Promover «un humanismo pleno» supone promover todo el hombre, todas sus dimensiones. Por ello, la promoción de la nueva cultura del amor está íntimamente imbricada con la promoción de una nueva cultura de la verdad22. Y ello es una misión particular para la universidad católica. Así se expresó el Papa en su mensaje al mundo universitario en la ciudad de Guatemala: «En efecto, la universidad y la Iglesia se consagran, cada una según su manera propia, a la búsqueda de la verdad, al progreso del espíritu, a los valores universales, a la comprensión y al desarrollo integral del hombre, a la exploración de los misterios del universo. En una palabra, la universidad y la Iglesia quieren servir al hombre desinteresadamente, tratando de responder a sus aspiraciones morales e intelectuales más altas. La Iglesia enseña que la persona humana, creada a imagen de Dios, tiene una dignidad única, que es necesario defender contra todas las amenazas que, sobre todo actualmente, acechan con destruir al hombre en su ser físico y moral, individual y colectivo. La Iglesia se dirige muy en particular a los actuales universitarios para decirles: tratemos de defender juntos al hombre en sí mismo, cuya dignidad y honor están seriamente amenazados. La universidad, que por vocación es una institución desinteresada y libre, se presenta como una de las pocas instituciones de la sociedad moderna capaces de defender con la Iglesia al hombre por sí mismo; sin subterfugios, sin otro pretexto y por la sola razón de que el hombre posee una dignidad única y merece ser estimado por sí mismo. Éste es el humanismo superior que enseña la Iglesia. El que os ofrece en vuestra tarea tan noble y urgente, universitarios y educadores. Permitidme por ello que os exhorte a emplear todos los medios legítimos a vuestro alcance: enseñanza, investigación, información, diálogo con el público, para llevar a cabo vuestra misión humanística, convirtiéndoos en artífices de esa civilización del amor, la única capaz de evitar que el hombre sea un enemigo para el hombre»23.

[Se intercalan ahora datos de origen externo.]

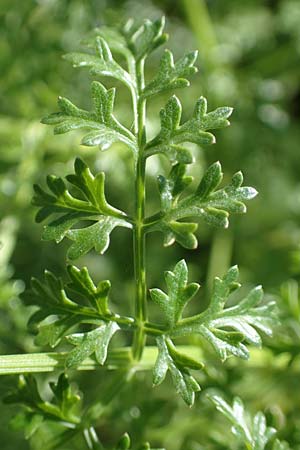 Ferula tingitana \ Tanger-Riesen-Fenchel / Tangier Fennel, Rhodos/Rhodes Mount Smith 18.3.2023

Toda verdadera universidad —y, por tanto, toda verdadera universidad católica—, se asienta sobre dos pilares básicos: la docencia y la investigación. En efecto, tal y como afirma desde su misma introducción la constitución apostólica Ex corde Ecclesiae —auténtica «magna charta» de las universidades católicas24—, la universidad católica, «nacida del corazón de la Iglesia», «comparte con todas las demás universidades aquel gaudium de veritate, tan caro a San Agustín, esto es, el gozo de buscar la verdad, de descubrirla y de comunicarla en todos los campos del conocimiento. Su tarea privilegiada es la de “unificar existencialmente en el trabajo intelectual dos órdenes de realidades que muy a menudo se tiende a oponer como si fuesen antitéticas: la búsqueda de la verdad y la certeza de conocer ya la fuente de la verdad”»25.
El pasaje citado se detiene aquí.